SBMA Patients Prone to Develop Respiratory Problems Due to Reduced Muscle Strength, Study Says
Patients with spinal and bulbar muscular atrophy (SBMA) may be at risk of developing respiratory complications due to a decline in the levels of genes responsible for muscle strength, according to a new study. The authors assert that monitoring the breathing decline in these patients may help provide better clinical management of the disease.
The study, “Decreased Peak Expiratory Flow Associated With Muscle Fiber-Type Switching In Spinal And Bulbar Muscular Atrophy,” was published in the journal PLoS One.
At more advanced stages of the disease, SBMA patients may develop dysphagia (difficulties in swallowing) and dyspnea (shortness of breath), as well as pneumonia and respiratory failure. Thus, the management of swallowing and respiratory function is indispensable for the long-term care of these patients.
However, respiratory difficulties associated with SBMA are not well characterized, which limits the knowledge of how these processes occur in patients and how they might be managed.
The objective of the study was to evaluate respiratory function of SBMA patients and identify the mechanisms underlying this condition, in comparison to patients with amyotrophic lateral sclerosis (ALS), another motor neuron disease in which dyspnea has been observed and well-studied.
The study included 40 SBMA and 25 ALS male patients, as well as 15 healthy individuals, in whom researchers evaluated respiratory function (by assessing the peak expiratory flow, %PEF, a measure of breathing capacity, and the forced vital capacity, FVC), motor function (using the Amyotrophic Lateral Sclerosis Functional Rating Scale (ALSFRS-R) or the Spinal and Bulbar Muscular Atrophy Functional Rating Scale (SBMAFRS)) and muscle strength (by assessing the modified quantitative myasthenia gravis (mQMG) score, that measures muscle weakness, tongue pressure, and grip power).
Researchers also collected bicep muscle biopsies from two patients with SBMA and two patients with ALS to evaluate the levels of myosin heavy chain (MHC) expression and other proteins involved in muscle activity.
Results indicated that %PEF and FVC were lower in SBMA patients compared to healthy individuals or ALS patients. Both parameters were found to be strongly correlated with disease duration, suggesting that both values can be biomarkers of respiratory function in SBMA patients and potentially be used to assess disease progression.
SBMA patients also had substantially decreased tongue pressure and grip power (measures of fast muscle power) compared to ALS patients. This probably is associated with a reduction in the expression of genes responsible for fast muscle power, observed in SBMA patients rather than in ALS patients.

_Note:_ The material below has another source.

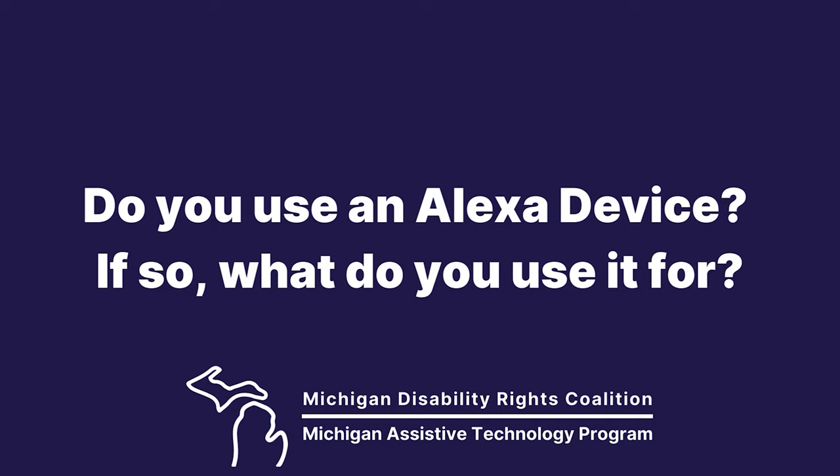Next: do you have an Alexa device, and if so, what do you use it for? I have Alexa wired throughout my whole entire house — probably too many Alexas. My favorite thing to do is listen to music. My favorite Alexa-controlled device right now is my microwave. I like to throw something in there and as I'm walking away, have Alexa run the microwave. My favorite Alexa command right now is 'Alexa, play Shed a Little Light.'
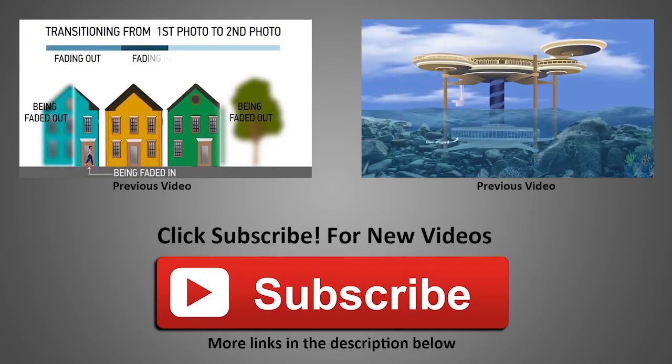Thanks for liking and sharing the video. Please click on the red button below to receive updates on new videos uploaded every week. Until next time, keep innovating and keep patenting.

“[W]e found that subjects with SBMA exhibited decreased %PEF, which appears to reflect the preferential involvement of fast-twitch [muscle] fibers in this disease,” the authors wrote. “Given that the leading causes of death in subjects with SBMA are pneumonia and respiratory failure, particular attention should be paid to %PEF decline during the clinical management of SBMA.”
SBMA is caused by the presence of repeat portions of DNA (called CAG repeats) within the gene encoding the androgen receptor, thereby affecting men. Muscular weakness generally appears between the ages of 30-60 years. Patients start using a wheelchair 15 to 20 years after the onset of symptoms.